Peut-on encore critiquer Stromae?

Stromae se livre sur "ses pensées suicidaires" en direct sur TF1 © capture d'écran YouTube
Serge Coosemans
Serge Coosemans Chroniqueur

Dans un ouvrage récent et célèbre, l’avocat Richard Malka militait pour « le droit d’emmerder Dieu ». À peine moins Charlie en cette période très Charlie, ce Crash Test S06E18 va pour sa part défendre cette semaine la possibilité de dire publiquement que Stromae, c’est Benny Brel. Ce blasphème-là, oui!

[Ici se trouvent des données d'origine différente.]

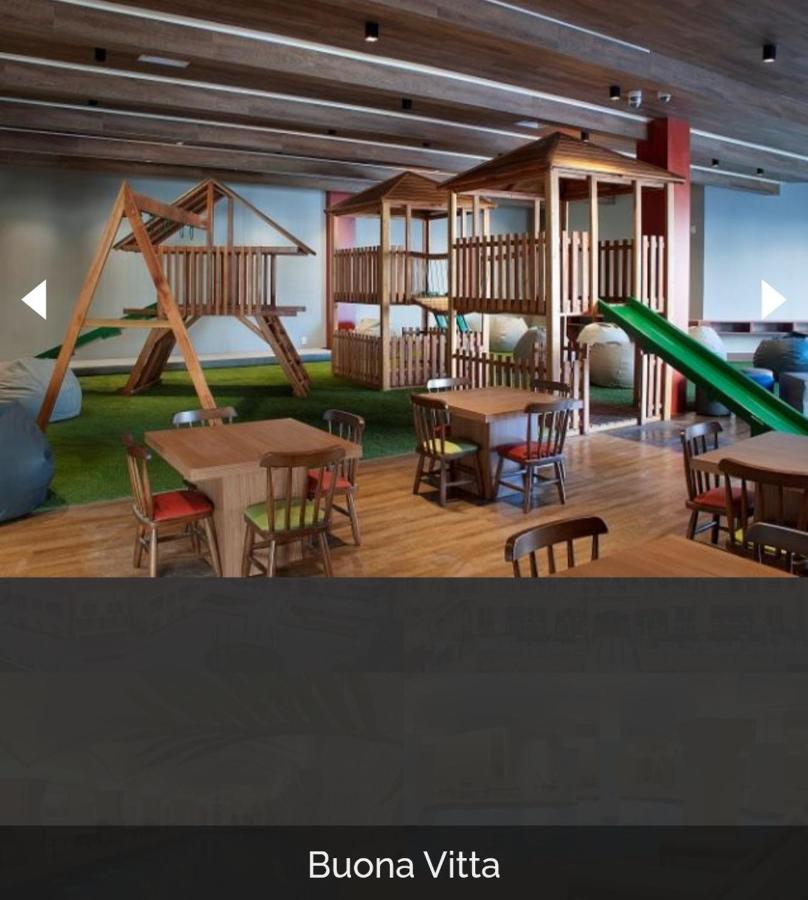 Buona Vitta Gramado Resort & Spa By Gramado Parks Exterior foto The photo shows a play area designed for children, featuring a wooden play structure with slides and climbing areas. In the foreground, there are several small wooden tables and chairs arranged for seating. The floor is covered with green turf, resem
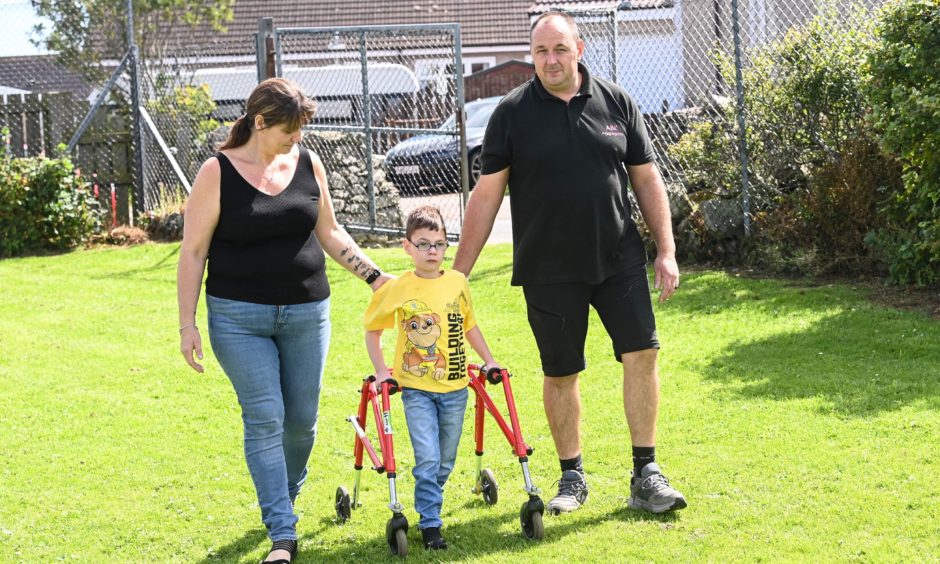 Harrison using his walking frame, with his mum and dad.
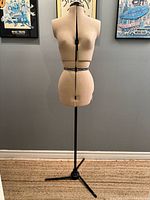 Full view of dress form on tripod base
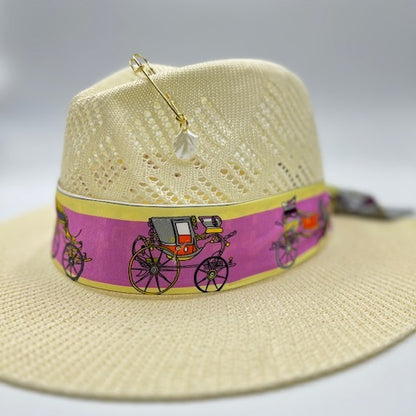 Straw hat with golden pin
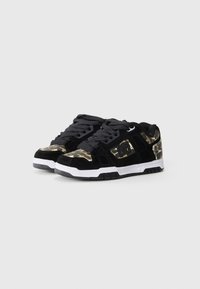 Black suede sneakers with camouflage accents, featuring a white midsole and black rubber outsole, lace-up design, and padded collar.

Stromae, je l’appelle Benny Brel. Je trouve que ça lui va bien. Moitié Benny B, moitié Jacques Brel. La première fois que j’ai entendu son nom, je faisais le DJ à la Maison du Peuple de Saint-Gilles. Un chevelu s’est approché et m’a dit: « fais pléze aux gens, passe Stromae! » J’ai répondu qu’il était hors de question que je joue du métal, non mais hé ho, c’était une soirée grand public ici. Au premier degré. Stromae, inconnu à mon bataillon, il me semblait clair que ce nom-là devait s’écrire en lettres qui ressemblent à des pattes d’araignée et le groupe grinder comme des démons. We are Stromae, we are from Norway. We eat raw lambs and burn churches. C’était il y a environ 10 ans. Depuis, j’ai bien entendu appris que Stromae ne pratique pas le métal, ni le grind, et n’a jamais incendié d’églises. Que son truc tient plutôt du mélange de variétoche, de rap et d’électro de kermesse. Benny Brel, donc. Pas ma came. Du tout. Sa musique, son esthétique. Affreux. Je dis ça très naturellement, sans avoir la moindre volonté de choquer. Sans ronchonner, sans aigreur. Je dis ça en tant que consommateur au moment de se voir mettre sous le pif un produit à la vente auquel attribuer des points. Ce jugement est personnel, dépassionné, même pas très informé et encore moins réfléchi. Une simple affaire de goûts. De l’instinctif. L’ananas en conserve, non, zéro. Le crabe, même frais, j’aime pas, zéro. Le dentifrice au charbon, bof, je préfère celui à la menthe, allez cinq. Le magret de canard, ouais, génial: huit, dix même! Le lot de 3 sweatshirts blancs? Bof, trois, mais si vous les faites en bleu foncé, je prends. David Bowie? J’aime beaucoup sa personnalité et son influence sur la société mais il faut reconnaître qu’il a beaucoup plus de mauvais disques que de bons albums. Huit, allez. Et Stromae? Ah, j’ai rien contre le mec mais le reste, non merci. Deux. Trois. Mais moi, vous savez, en pop-musique, je suis plutôt Nine Inch Nails… Z’auriez pas plutôt autre chose dans le genre Nine Inch Nails en stock, d’ailleurs? Un truc un peu méchant, un peu malsain, qui irait dans les neuf-dix…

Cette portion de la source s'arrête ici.